New York, Jan. 9 (Reuters): One of America’s most iconic — and iconoclastic — scientists has weighed in on “the war against cancer” a day after an exhaustive report found the US is making only slow progress.
And he does not like what he sees.
James Watson, co-discoverer of the double helix structure of DNA, lit into targets large and small. On government officials who oversee cancer research, he wrote in a paper published on Tuesday in the journal Open Biology: “We now have no general of influence, much less power... leading our country’s War on Cancer.”
On the $100-million U.S. project to determine the DNA changes that drive nine forms of cancer: It is “not likely to produce the truly breakthrough drugs that we now so desperately need”.
On the idea that antioxidants such as those in colourful berries fight cancer: “The time has come to seriously ask whether antioxidant use much more likely causes than prevents cancer.”
That Watson’s impassioned plea came on the heels of the annual cancer report was coincidental. He worked on the paper for months, and it represents the culmination of decades of thinking about the subject.
Watson, 84, taught a course on cancer at Harvard University in 1959, three years before he shared the Nobel Prize in medicine for his role in discovering the double helix, which opened the door to understanding the role of genetics in disease.
Other cancer luminaries gave Watson’s paper mixed reviews.

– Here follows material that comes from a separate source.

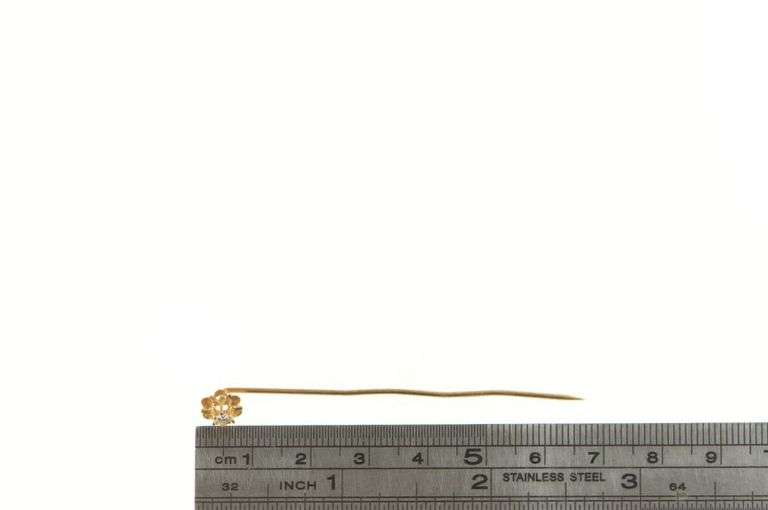 14K Yellow Gold Victorian Diamond Classic Antique Scalloped Stick Pin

“There are a lot of interesting ideas in it, some of them sustainable by existing evidence, others that simply conflict with well-documented findings,” said one eminent cancer biologist who asked not to be identified so as not to offend Watson. “As is often the case, he’s stirring the pot, most likely in a very productive way.”
There is wide agreement, however, that current approaches are not yielding the progress they promised. Much of the decline in cancer mortality in the US, for instance, reflects the fact that fewer people are smoking, not the benefits of clever new therapies.
“The great hope of the modern targeted approach was that with DNA sequencing we would be able to find what specific genes, when mutated, caused each cancer,” said molecular biologist Mark Ptashne of Memorial Sloan-Kettering Cancer Center in New York.
The next step was to design a drug to block the runaway proliferation the mutation caused.
But almost none of the resulting treatments cures cancer. “These new therapies work for just a few months,” Watson told Reuters in a rare interview. “And we have nothing for major cancers such as the lung, colon and breast that have become metastatic.”
The main reason drugs that target genetic glitches are not cures is that cancer cells have a work-around. If one biochemical pathway to growth and proliferation is blocked by a drug such as AstraZeneca’s Iressa or Genentech’s Tarceva for non-small-cell lung cancer, said cancer biologist Robert Weinberg of MIT, the cancer cells activate a different, equally effective pathway.
That is why Watson advocates a different approach: targeting features that all cancer cells, especially those in metastatic cancers, have in common. One such commonality is oxygen radicals. Those forms of oxygen rip apart other components of cells, such as DNA. That is why antioxidants, which have become near-ubiquitous additives in grocery foods from snack bars to soda, are thought to be healthful: they mop up damaging oxygen radicals.
That simple picture becomes more complicated, however, once cancer is present. Radiation therapy and many chemotherapies kill cancer cells by generating oxygen radicals, which trigger cell suicide. If a cancer patient is bingeing on berries and other antioxidants, it can actually keep therapies from working, Watson proposed.